After the name on a gravestone, the next thing you look at is the dates, when was this person born, when did they die.  You can build a story around that information; maybe they died very young, or for their era they lasted a long time.  How extraordinary would it be to see the resting place of a person from the 18th century living into their 80s or 90s?

These photos were taken on one of the cemeteries in  Ashfield, Mass.  In its past Ashfield was a Puritan town, and the stones reveal that history.  There’s nothing fancy about any of them – just the basic information, name and dates, maybe a family relationship, and a resigned little aphorism – ‘My work is done’.

There are some splendid names on the stones, although many are worn away after years of exposure to the harsh weather; but they reveal the Puritan heritage, like Thankful, Humble, Clemency and Comfort, indicating either the frame of mind of the parents, or their future expectations at the delivery of a child.

Every society has their own way of commemorating the burial places of their dead.

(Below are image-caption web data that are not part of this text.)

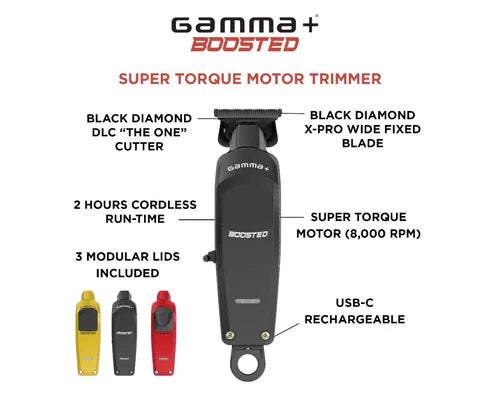 Gamma+ Boosted Super Torque Motor Cordless Trimmer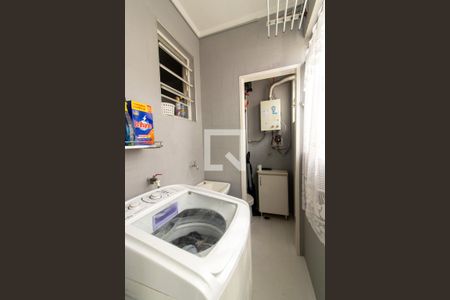 Área de Serviço de apartamento para alugar com 2 quartos, 78m² em Chácara da Barra, Campinas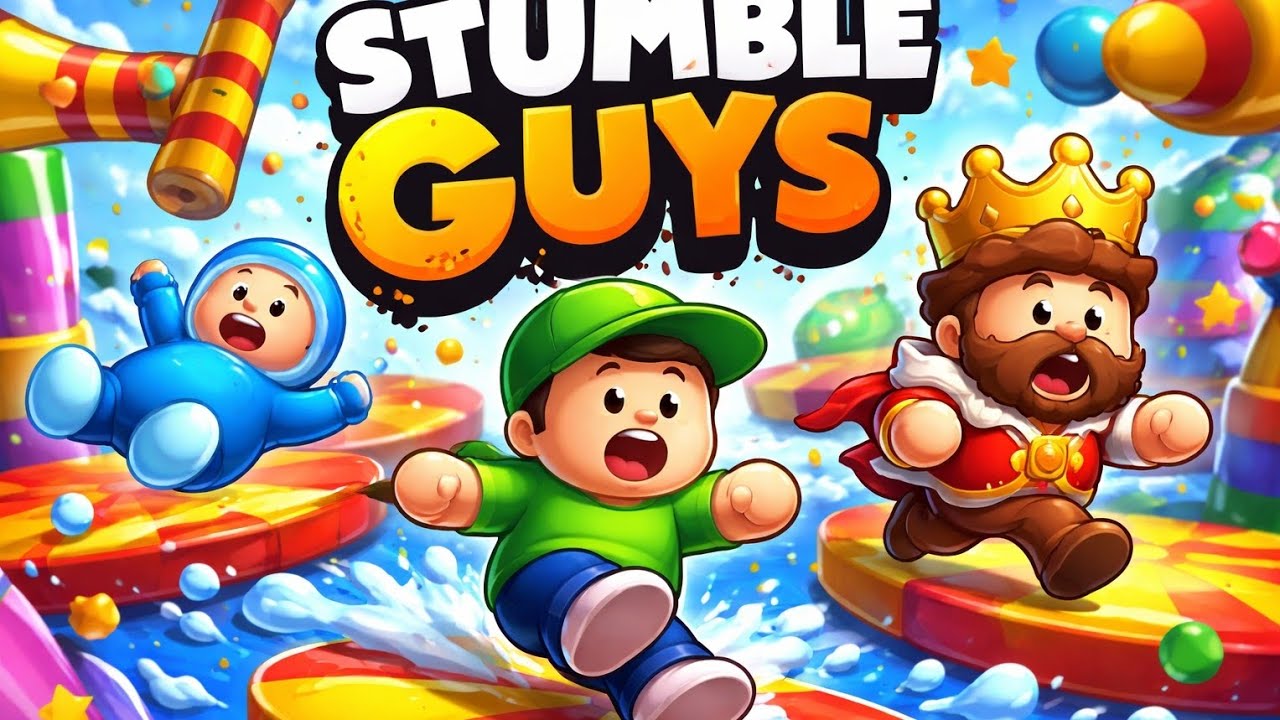 Stumble Guys Gameplay 🔥 | Epic Win or Funny Fail? 😂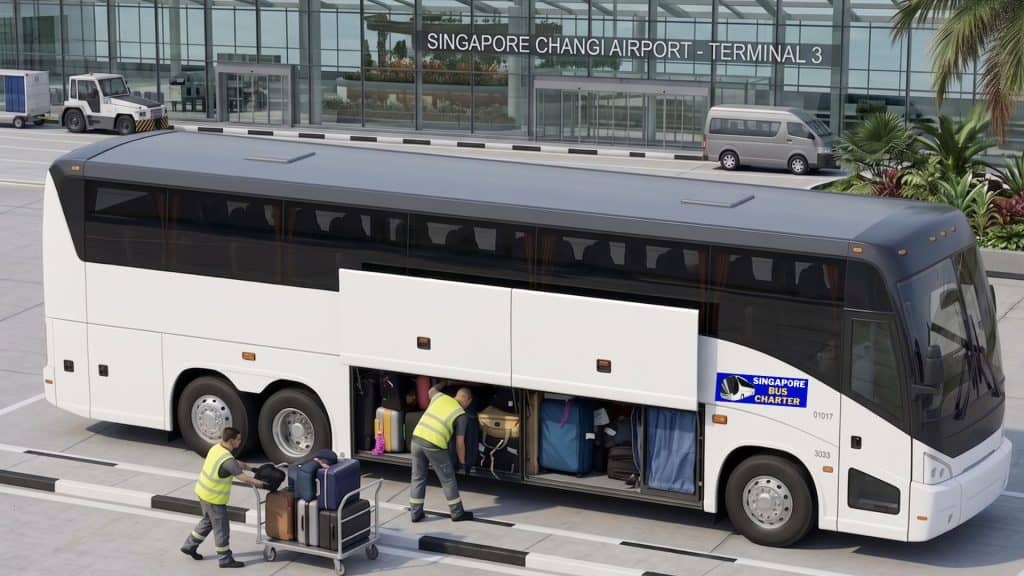 a 49-seater coach ready for a large group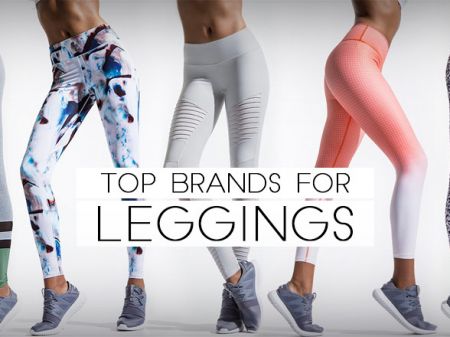 Top 10 Leggings Brands for Best Comfort, Stretch & Style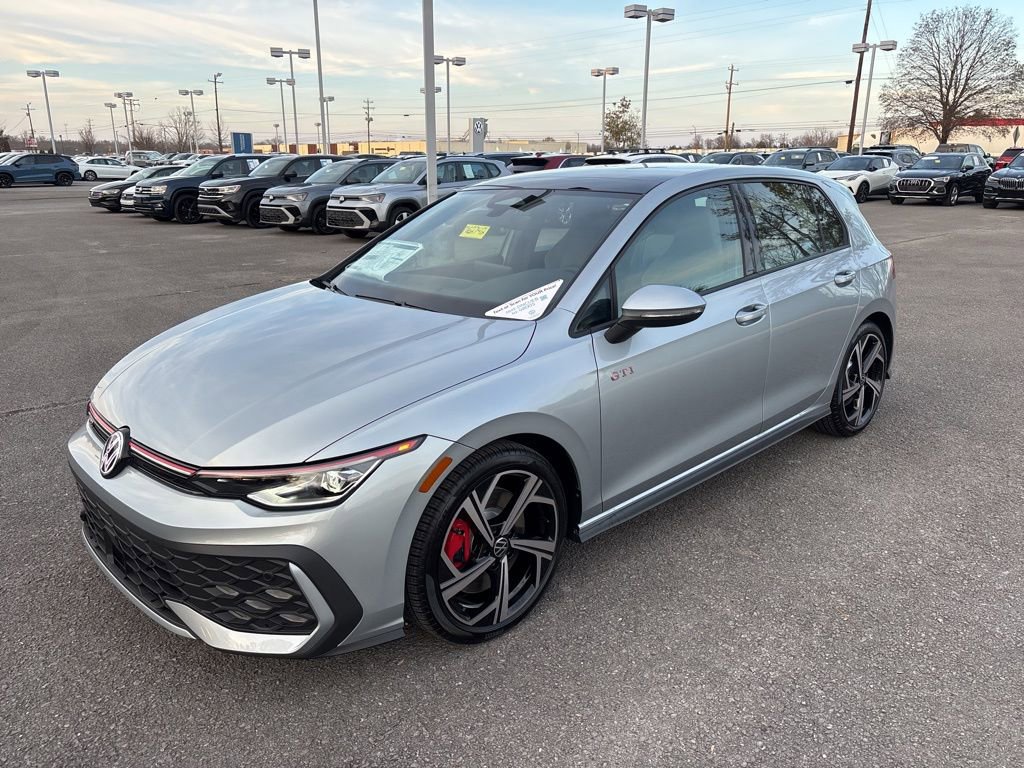 New 2026 Volkswagen GTI SE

One of the places I found endlessly fascinating when I lived in Moscow was the Novodevichy Cemetery.  It is the burial ground for the great and the good from the Soviet era (and some from a little earlier) who weren’t quite important enough to make it into the Kremlin Wall.

Chekhov is there, near Shostokovich, across the way from Molotov. Khruschev, the only Soviet era leader not to die in office is commemorated by a headstone which is half white stone and half black.

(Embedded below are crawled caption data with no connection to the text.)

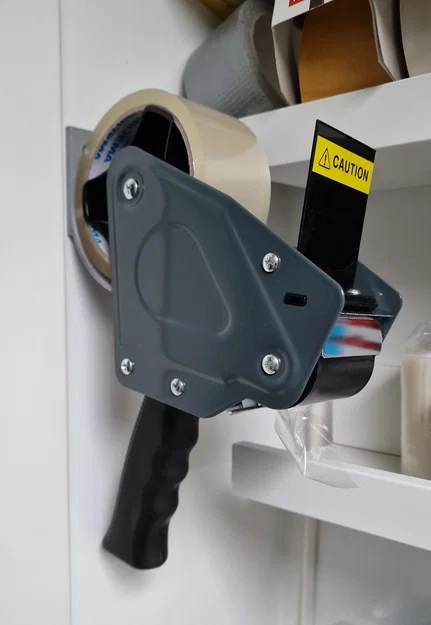 Giá treo súng bắn keo (Tape Gun Holder) in 3D tiện lợi - Image 1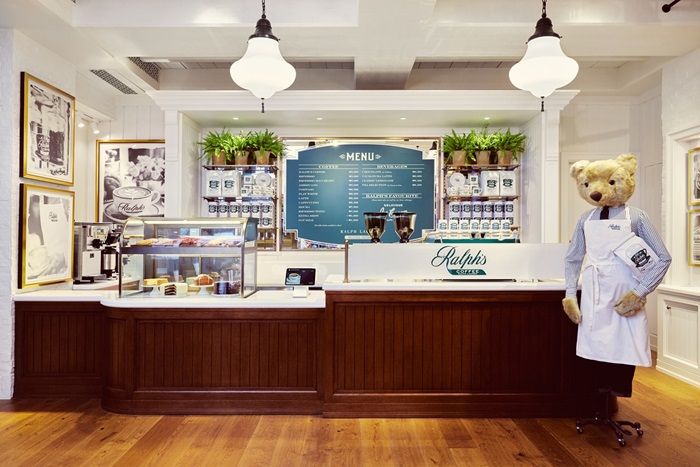 랄프스 커피, 서울 가로수길에 국내 첫 번째 매장 오픈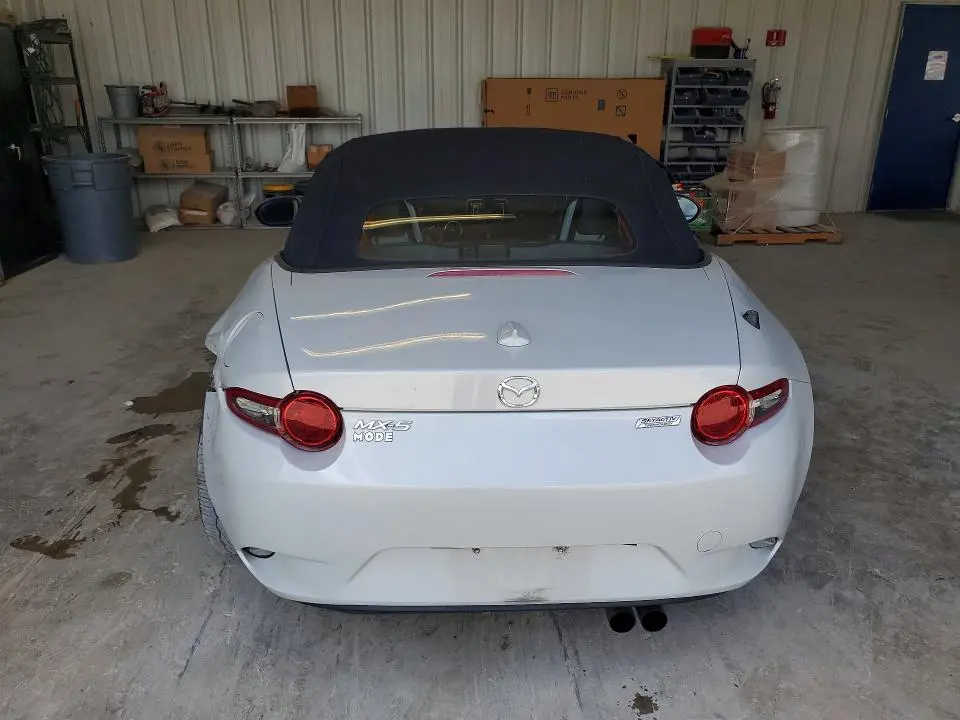 2016 MAZDA MX-5 MIATA GRAND TOURING  
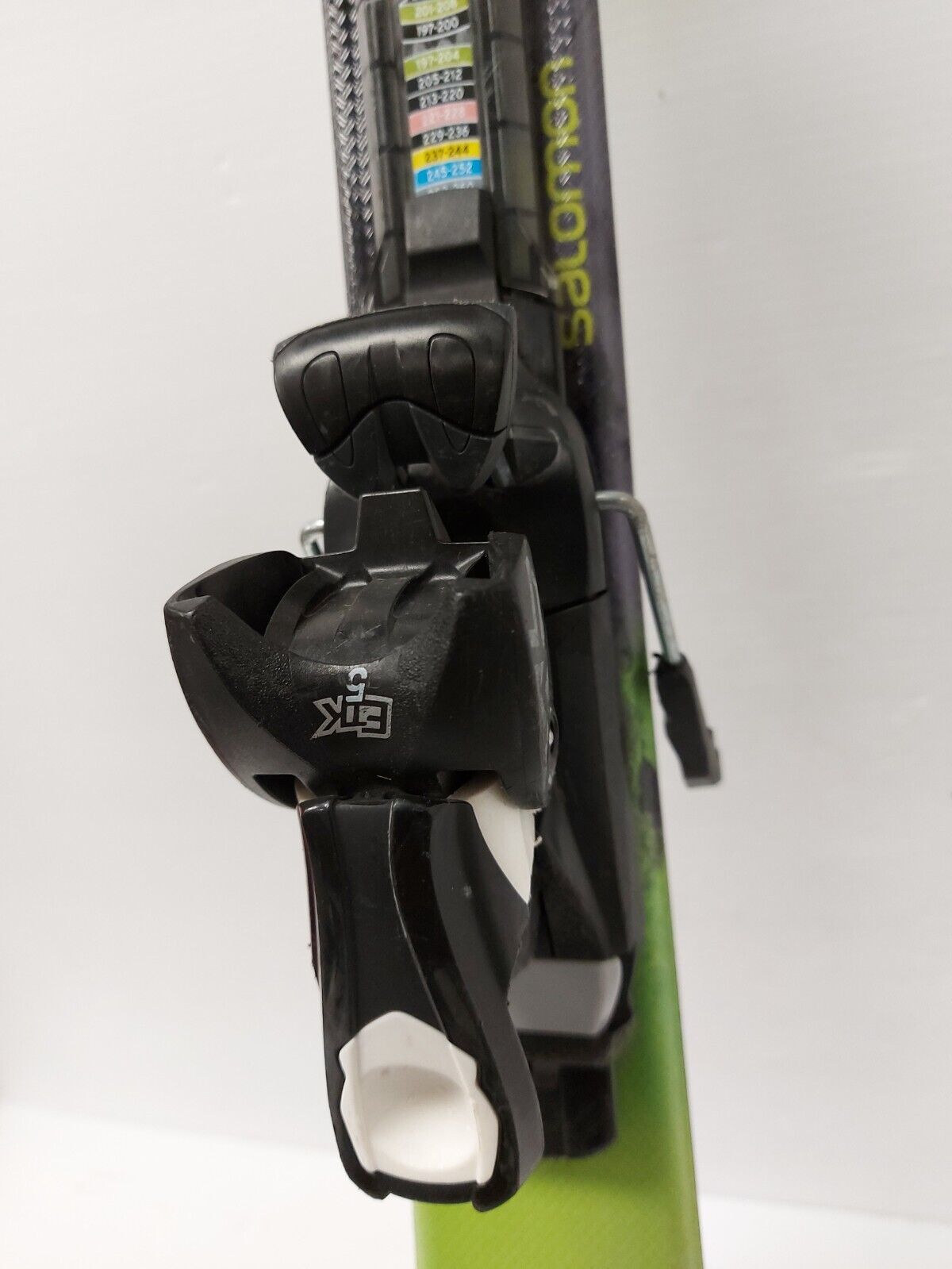 (N81548-1) Skis Eztrak Secomon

Graves are grouped into sectors and it is possible to see that a spirit of fierce competition survived most of the interred.  In the military section the slabs of marble grow in size as one progresses down the path, the carving more elaborate.  Every one appears to have wanted the military hardware over which they had command in life to be there with them into eternity, so many have tanks or planes depicted on the stones.  My particular favourite had a rocket launcher on top.

I used the Cemetery as the setting for a couple of key scenes in my novel set in Moscow, and I have had to address feedback on the implausibility of there being military hardware in a graveyard, and all I can say is, you’ll have to take my word for it.

One of the reasons that the gravestones and monuments are so elaborate is that together with the competition of the Soviet elite, it was one of the few ways in which sculptors and artists could get paid work, so one can only imagine the escalation of artistic ambition in each commission.

There are myriad stories of artists wreaking sideways revenge against their clients, by adding obscene or unpleasant features, which could only be observed from particular angles, to their work, but I was never able to confirm them.